The House is aware that discussions have taken place today with Treasury Ministers about the most appropriate way to regulate the mortgage industry. I urge the Government to place the industry within the remit of the Financial Services Authority. Those of us who sat for long months on the Committee considering the Financial Services and Markets Bill are keenly aware that the rationale that lay behind the FSA was to create a single regulator to act as a one-stop shop for the public on financial services. That rationale will have failed if the largest financial contract that most people undertake in their lives remains outside the FSA's remit.

The FSA should become the regulator, and it should urgently review not just the contractual terms of mortgage products to ensure that they are fair and transparent, but the structure of selling these products. When I walk into a car showroom, I do not meet an automobile adviser: I meet a car salesman. When I walk into a department store, I do not meet a soft furnishings adviser: I meet a sales assistant. Why, then, when I walk into the Halifax, Abbey National, the Woolwich, Barclays or NatWest am I suddenly confronted not by a mortgage salesperson but by a mortgage adviser?

That person is not there as my agent, working to secure the best deal available for me. That person is not going to examine my financial position carefully before telling me that, sadly, the company has no suitable product, but, should I care to walk down the road, company Y will no doubt be able to help me. That person is there to maximise his or her company's profit. That person knows that the mortgage that may be better for me may not produce the same commission.

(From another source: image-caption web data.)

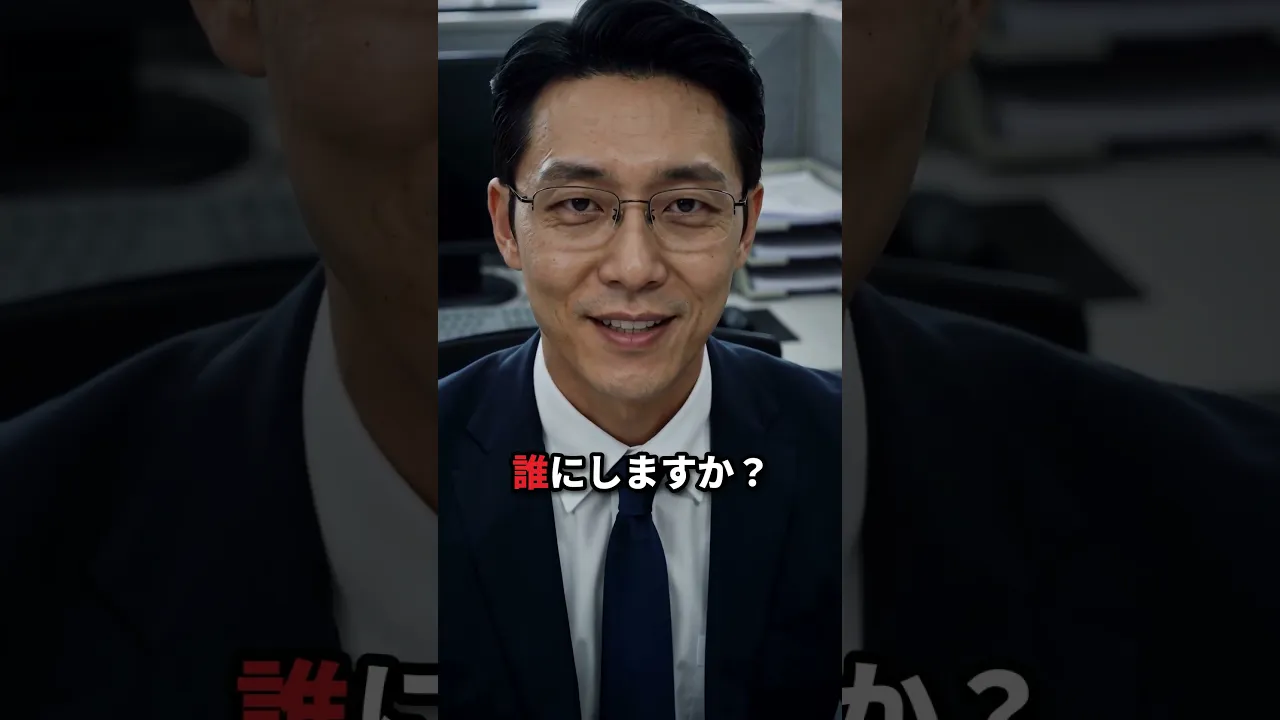 この保険屋さんと、絶対に契約しないでください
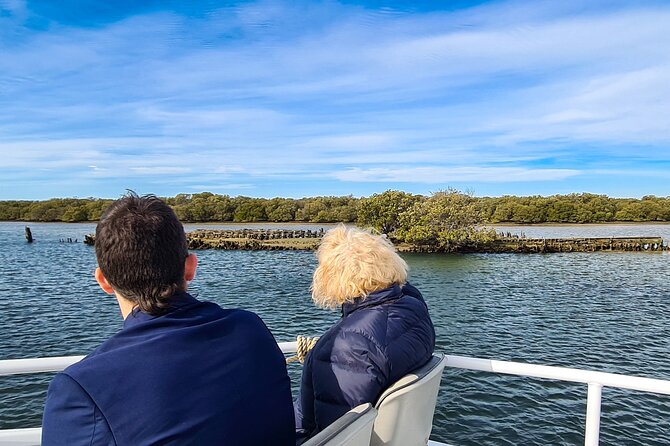 90 Minute Port River Dolphin & Ships Graveyard Cruise - Meeting and Pickup Information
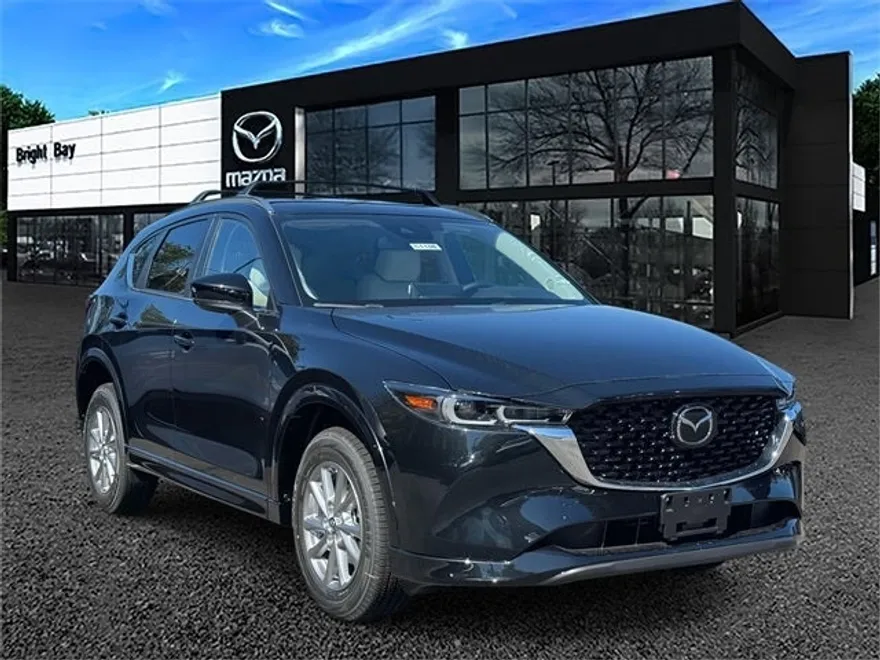 2025 Mazda CX-5 2.5 S Preferred photo 1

How else can we explain the fact that one in three mortgages sold is still sold on an endowment basis?

All mortgage salespeople should be obliged to state clearly that they are not bound to act in clients' best interests, and that their obligation is to their companies--companies that may not even have the product that is most appropriate to a client's needs. They should be obliged to draw attention to the range of products that they do not stock, but that may be available elsewhere. That might introduce some fairness and transparency to the business of selling such an important and onerous contract. It might also draw customers' attention to the fact that there are genuinely independent financial advisers who can provide unbiased advice to help them through the mortgage maze.

I hope that my hon. Friend the Minister will be able to reassure me that regulation of both product and advice will soon be a reality under the Financial Services Authority.